Sweet Potato Living might be operating in that blurry area, he said.

“If you’re a lodger, you’re not covered by the act,” Martin added. “If you’re a tenant, your tenancy agreement can only be terminated as provided by the [Residential Tenancies Act] which means the landlord must give a termination notice and if it is without grounds then the termination notice could be 90 days.”

Gambotto said his company was “bending over backwards” to make sure everyone remained housed: “No doubt you must understand that with the COVID-19 pandemic, we are doing the best we can under the current circumstances to ensure our occupants have a place to stay, and our employees maintain their employment with us.

“Our vacancy rates have risen to more than 50 per cent since the onset of the coronavirus crisis,” he said. “Accordingly, we must make many quick and urgent decisions, otherwise, we will not survive, resulting in all occupants losing their accommodation and all employees losing their employment.”

Gambotto said a “definitive decision” had been made to “close” the property where Collins and his partner currently live.

Tenants' Union of NSW senior policy officer Leo Patterson Ross said to be covered by the Residential Tenancies Act, you don’t even need a formal lease sometimes as the terms of the document are less important than “the material way you get treated” as a tenant.

“Even if you had contact that said ‘this is not a tenancy’ but everything else about it looks like a tenancy, then the tribunal says that is a tenancy,” Patterson Ross told BuzzFeed News.

A notice period can be shorter if the terms of the lease are breached, but Sweet Potato Living did not identify any such breaches.

“If you’ve done nothing wrong and they just want you to leave it is usually a 90-day notice period,” Patterson Ross said.

Collins and his partner missed a single rent payment last week as their money was tied up with airlines, which they warned Sweet Potato Living about the day before rent was due.

Patterson Ross said it usually takes 28 days to be served a notice for missed rent (as most people pay two weeks in advance) and for it to therefore be used as a reason to terminate a lease, “and COVID-19 doesn’t change that”.

He noted that if tenants are physically removed from a property by a landlord without tribunal orders, the landlord can face a $22,000 fine.

Morrison has said the moratorium on evictions “doesn’t mean there is a moratorium on rents” and that rent is governed by state and territory legislation so it is up to the states to now enforce that. Patterson Ross said his organisation had been swamped with requests for help from tenants.

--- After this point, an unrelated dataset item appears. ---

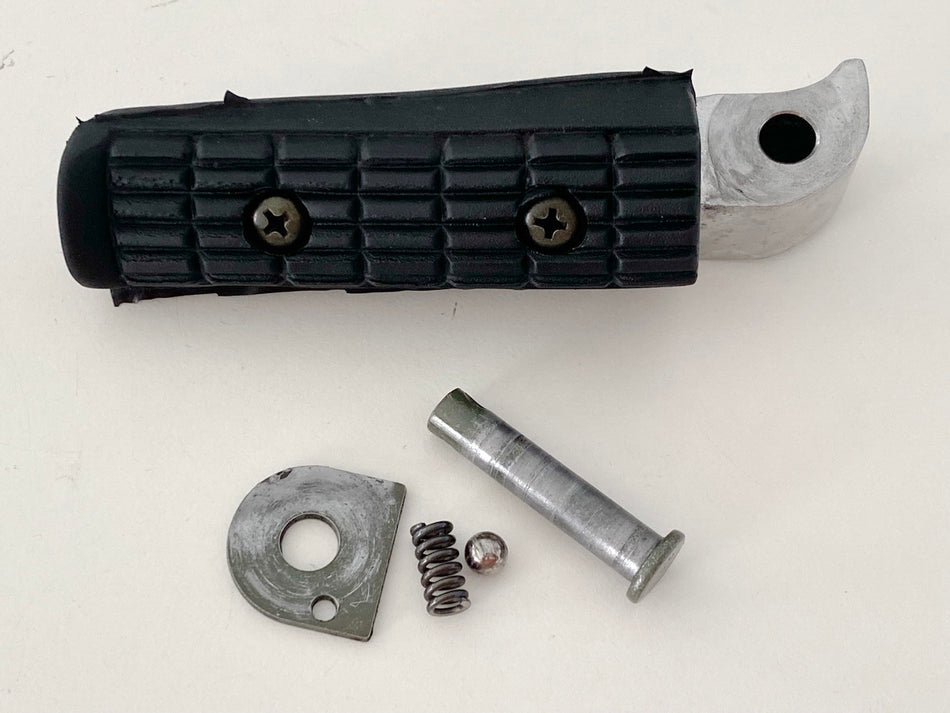 YAMAHA XJ 600S RJ01 DIVERSION Fußraste Sozius links hinten Bolzen original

If Collins and his partner are forcefully evicted they will have nowhere to sleep as they sold their car to pay for their flights.

He was offended at the idea that tenants weren’t taking the pandemic seriously.

“I know people back home are getting [COVID-19] and passing away,” he said. “Do you not think anyone in their right mind would not want to be sitting on the sofa with their loved ones rather than in a house with a bunch of strangers?”